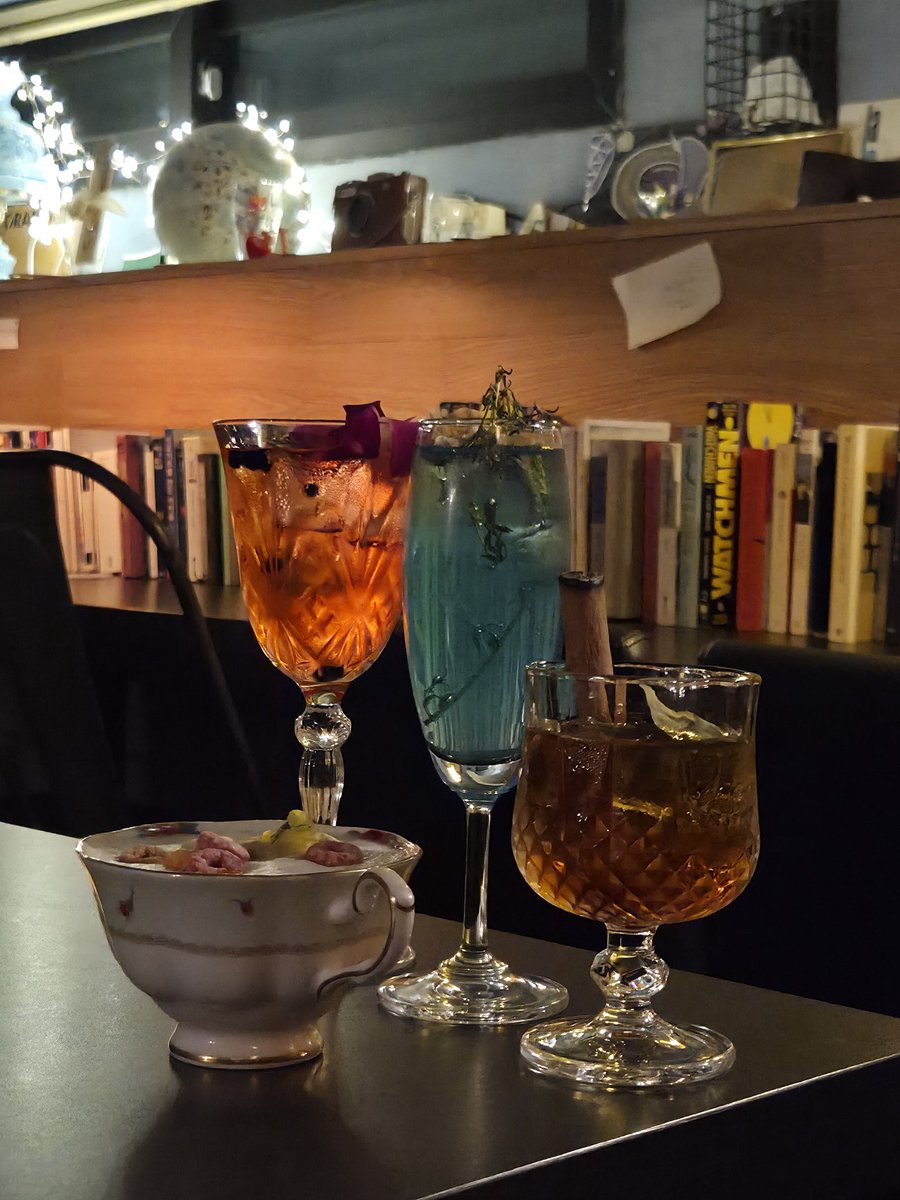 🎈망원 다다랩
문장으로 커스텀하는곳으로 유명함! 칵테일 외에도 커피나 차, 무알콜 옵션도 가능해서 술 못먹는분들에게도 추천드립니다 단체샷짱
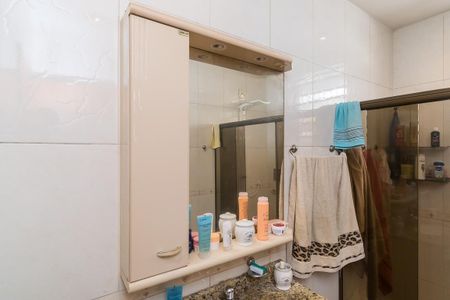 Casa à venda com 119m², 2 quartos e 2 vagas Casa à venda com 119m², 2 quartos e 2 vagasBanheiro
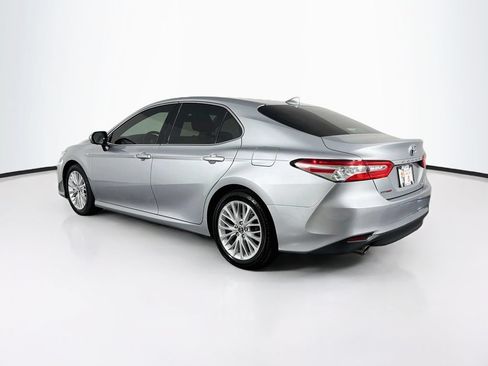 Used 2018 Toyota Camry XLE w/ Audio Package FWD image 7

What is needed
All of the data above is to be repeated exactly, with the pictures left out.

Response for this exercise
 🎈망원 다다랩
문장으로 커스텀하는곳으로 유명함! 칵테일 외에도 커피나 차, 무알콜 옵션도 가능해서 술 못먹는분들에게도 추천드립니다 단체샷짱
 Casa à venda com 119m², 2 quartos e 2 vagas Casa à venda com 119m², 2 quartos e 2 vagasBanheiro
 Used 2018 Toyota Camry XLE w/ Audio Package FWD image 7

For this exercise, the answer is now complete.